You indicate that only u,v,w,x,y,z and t are variables are variables, but you show u' and v' and so on, which implies that u, v,w, x, y, and z are functions rather than variables.
Is y2 a constant or is it y^2 ?
Is ∂L/∂u the derivative of L with respect to u? If it is then that implies you have at least 7 functions (but only 6 equations)
Is sgn(v) the sign() function applied to v? If it is, then what value is sgn(0) ? Some places define sgn(0) as NaN and some define it as 0 and some define it as 1.
Your definition of x' starts with 1/m2[EXPRESSION] . Are we to take that as (1/m2)*(EXPRESSION), or are we to take that as 1/(m2*(EXPRESSION)) ?
As you have some variables that appear to be constructed of more than one character, we cannot tell whether cv is a single constant or if it is instead c*v .
Is 2∂L/∂uv 2*v*diff(L(t),u(t)) ? Or is it 2*diff(L(t),u(t)*v(t)) ?
Is ∂^2 L intended to be diff(L(t),t,t) ?
Please rewrite your expressions in full operator notation, using * for all multiplications, and converting all characters such as μ and ∂ to characters that are valid in MATLAB expressions, and converting all function calls to their MATLAB equivalents.

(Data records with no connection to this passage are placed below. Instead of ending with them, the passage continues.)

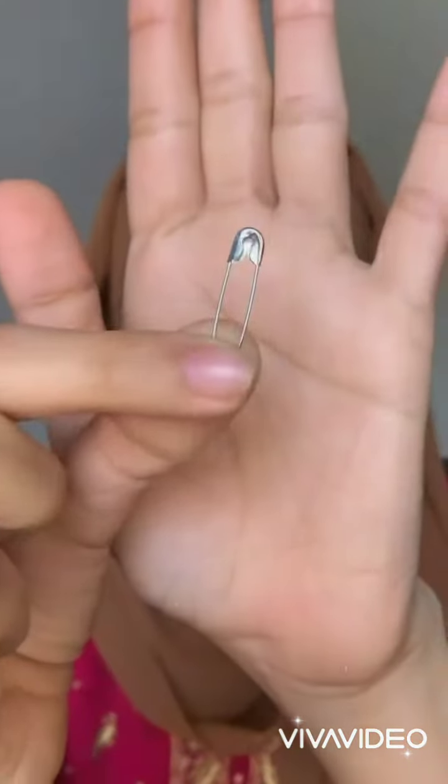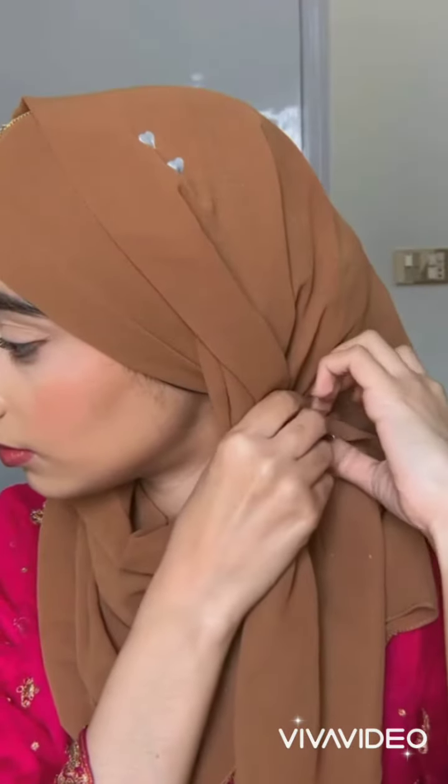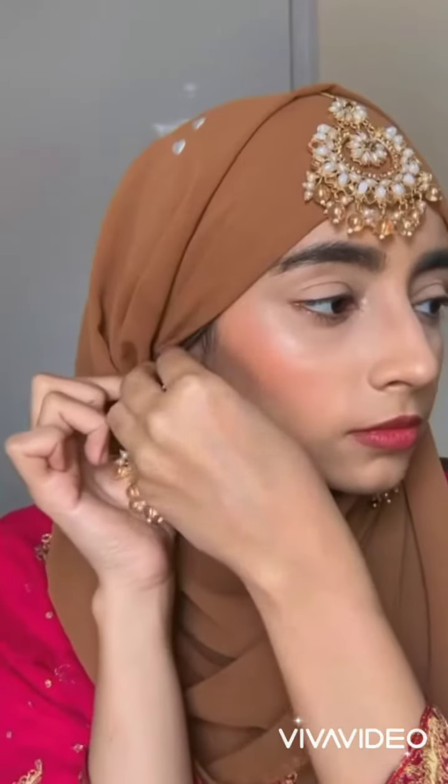Now taking safety pins, you have to fold it a little bit. You have to put this safety pin here, and you can also use hijab pins — whatever you can use.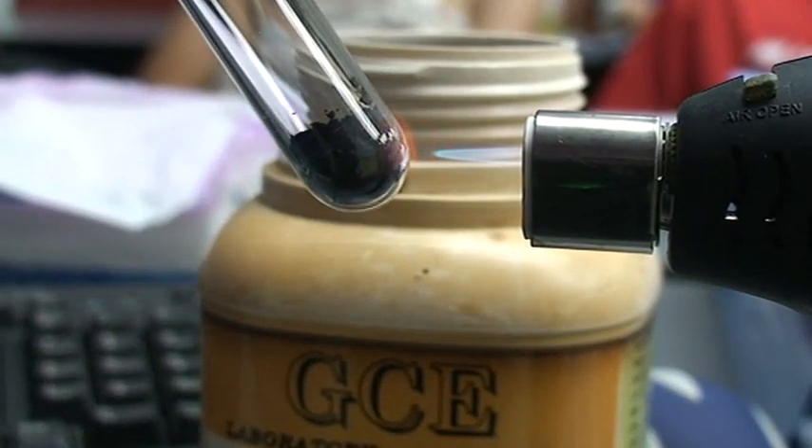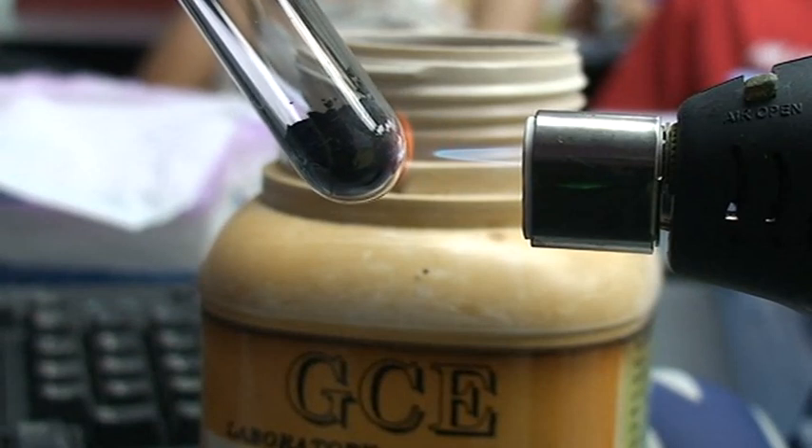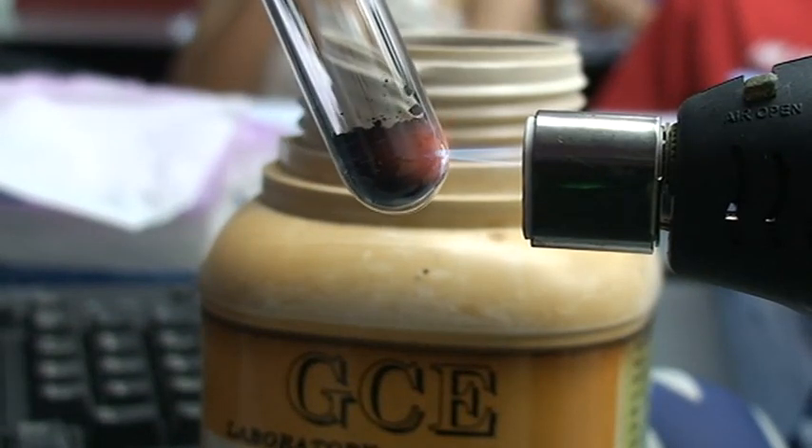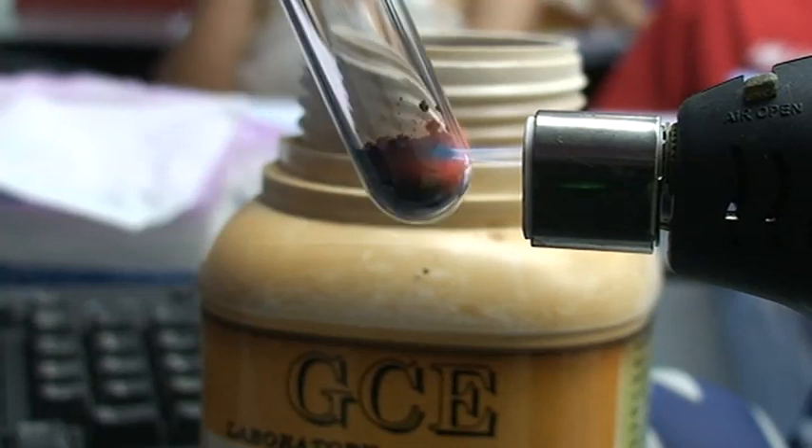In a moment, as it melts, we are going to test the oxygen that's going to come out from there.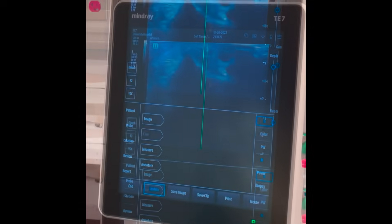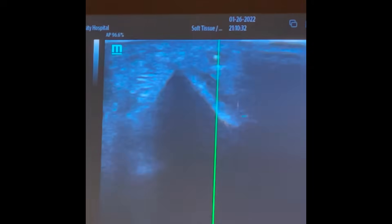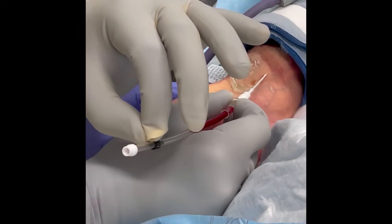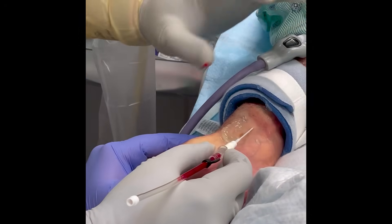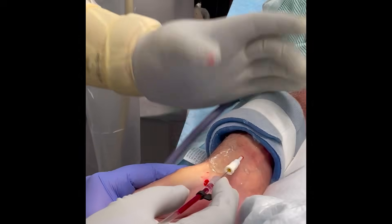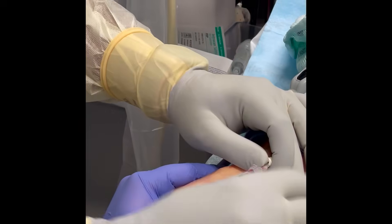You can see me tenting up against the vessel. It looks like I'm inside the vessel — do you see that little white thing inside on the screen? I like to walk it inside the vessel and advance it on the screen a little bit. You can see this is filling up with blood now. Without moving your hand, advance your guidewire all the way into the vessel, stabilize your needle, and advance only the catheter into the artery. We are in, and we can see blood coming out. That's how you do an ultrasound-guided arterial catheter.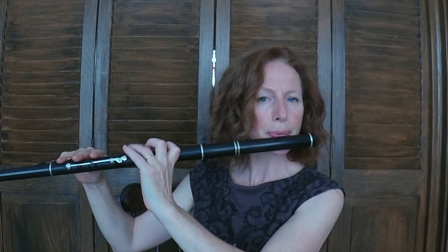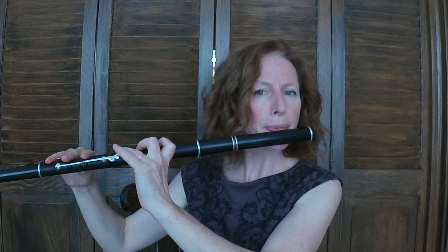In the A part, those repeated Es — you can tongue the second E. Maybe with a gentle tongue, with a D instead of a T. Notice I don't tongue the note after that second E — ta, ta, ta. Tonguing the F sharp and tonguing the A on the way up to the D.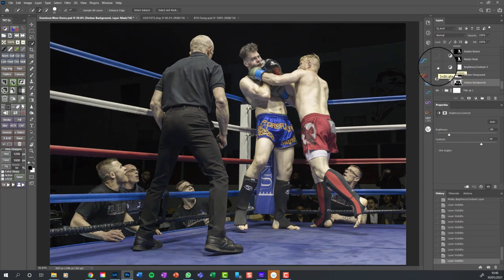Moving up - there's no particular order to this, I have a basic workflow but I'll do things as I look at the image. At this point I've thought the whole image is still too bright, so using a brightness/contrast adjustment layer - just minus 14 brightness and a little more contrast - it's just my eye saying the whole image is still too bright, darken it down.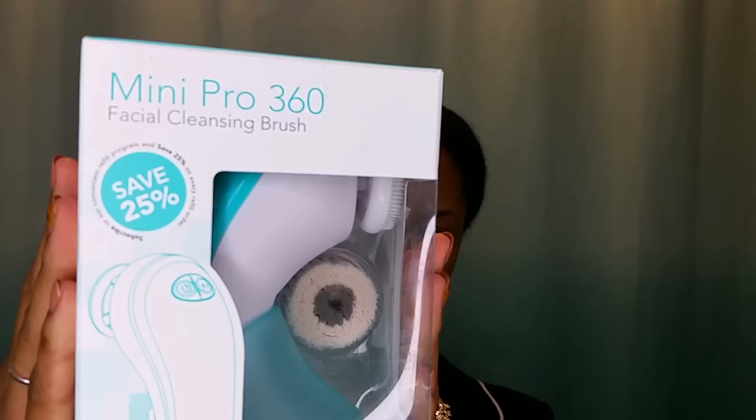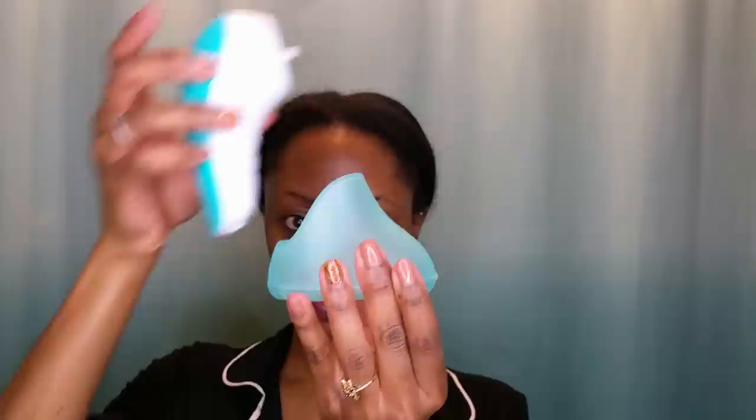I will be using my Mini Pro 360 facial cleansing brush. Included with this product is your instruction manual and the USB wire to charge your brush. This is a very light handheld device — you have your direction switch and your on and off button.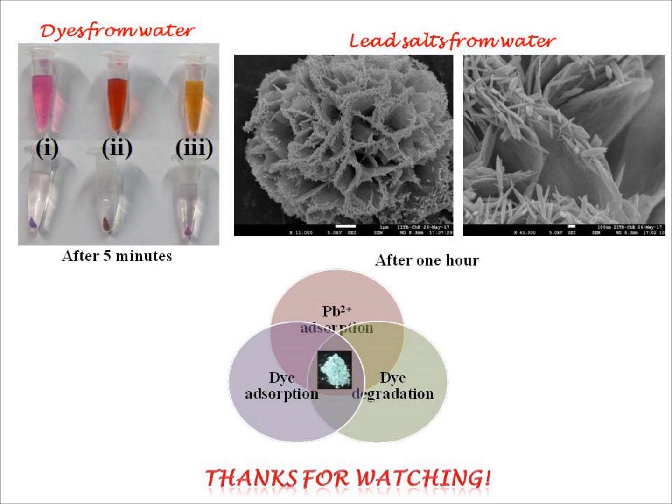And also when lead salt is adsorbed onto these nano flowers, we will see these kind of needle-shaped structures confirming the removal of lead salts.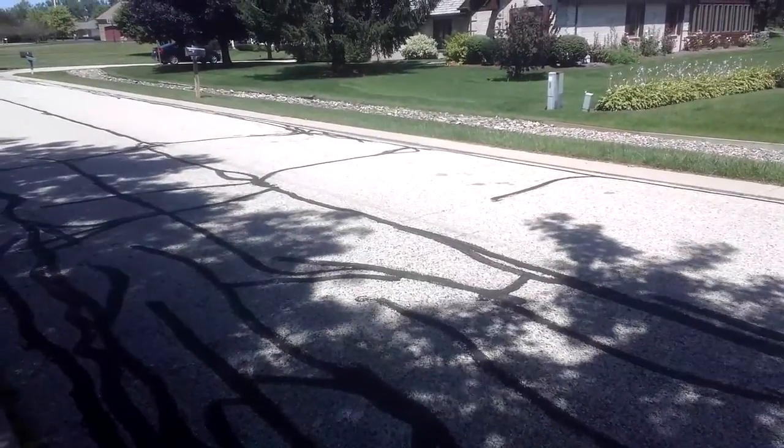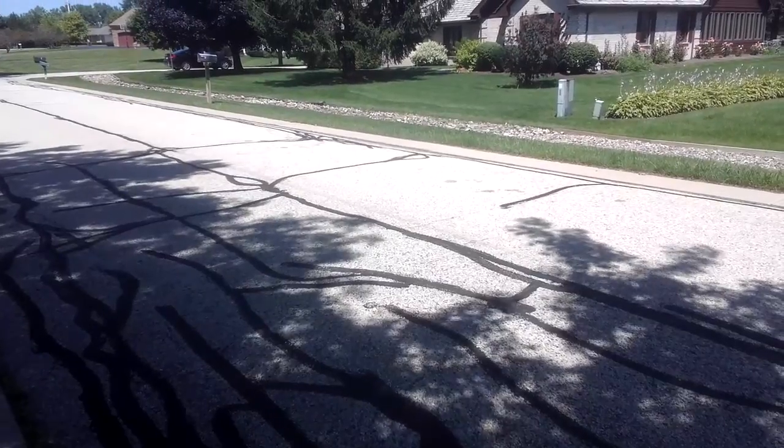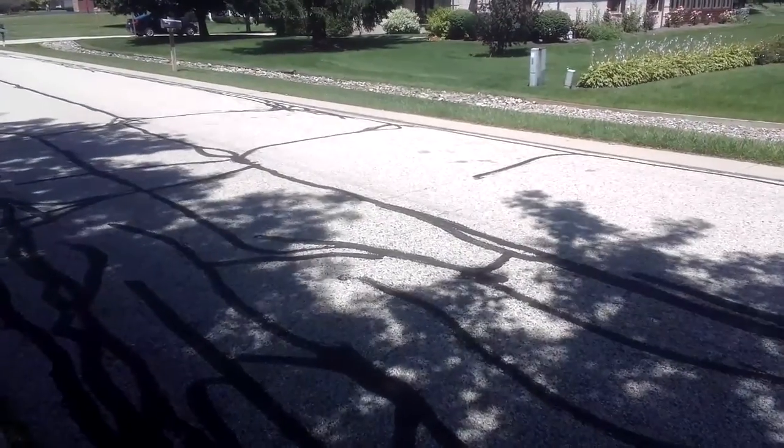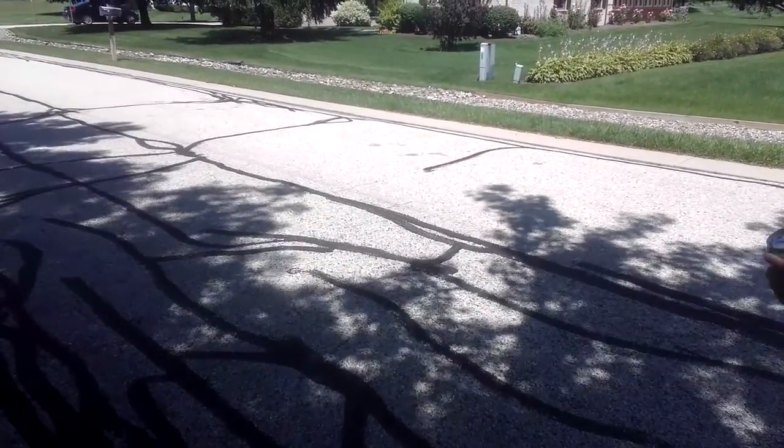On this beautiful summer day, I'm going to demonstrate how to have fun with old soda cans. We're using a Sierra Mist that's probably expired. Here goes — you shake it up. That's shaking. Ready?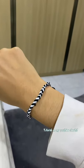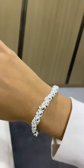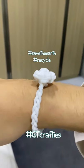Here are some of the bracelets I made — I think they are so cute! You get to stay stylish while recycling and saving the earth.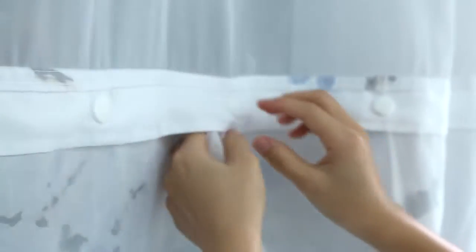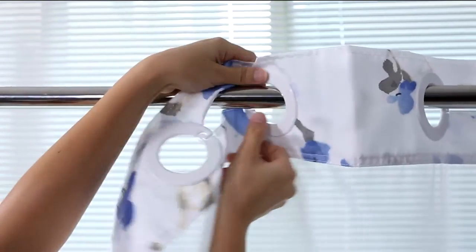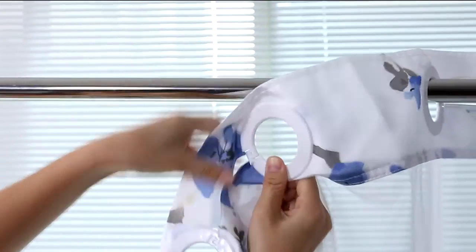Maintenance is convenient — clean it with bare hands or throw it in the washing machine. It's recommended to wash the liner by hand, but machine washing on gentle mode with low temperature drying is also available.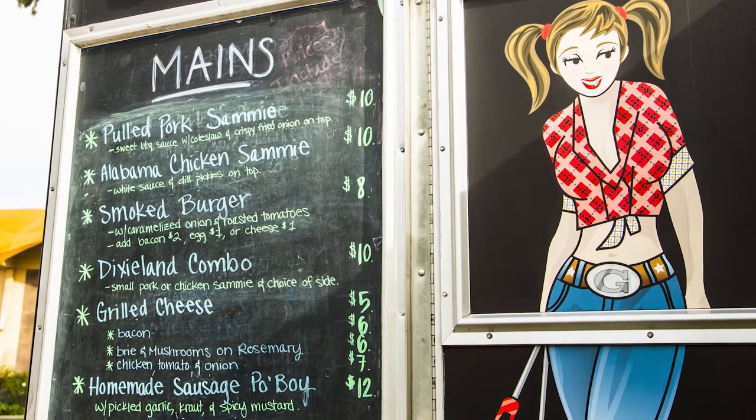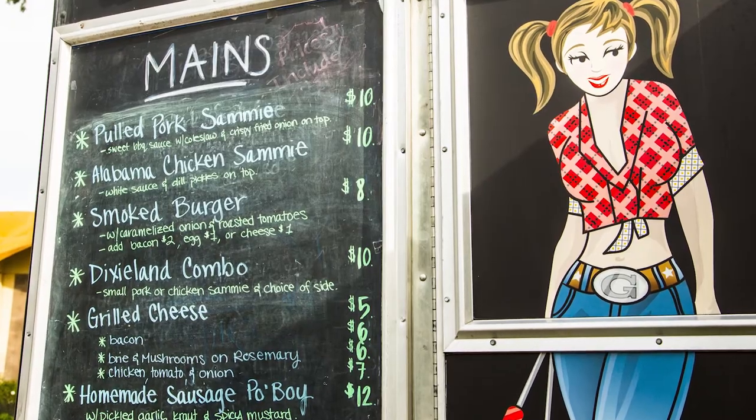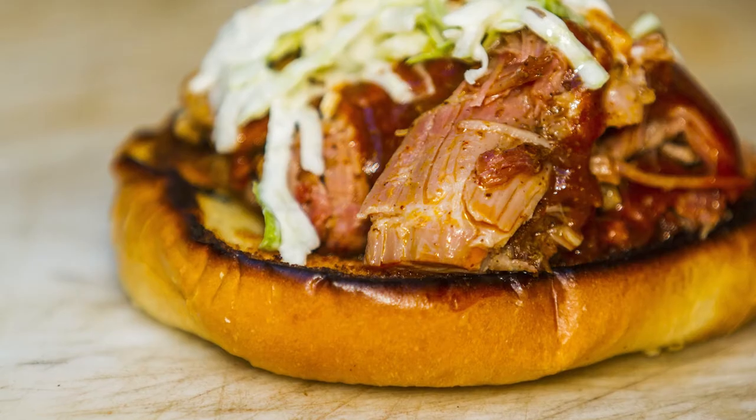At Georgia Smokehouse we often get asked how do you guys prepare your pork and what do you do to make it so delicious. We make our own sauces and we make our own spice rubs in-house.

Use () when necessary, but do not use [] or else we will interpret that portion as being the construction of a vector.
If ∂ is the differential operator, then since u is really u(t), a function rather than a variable, ∂L/∂u would have to be the differential of one function with respect to a second function. In such a case, you would not have ODE: you would have PDE, it seems to me.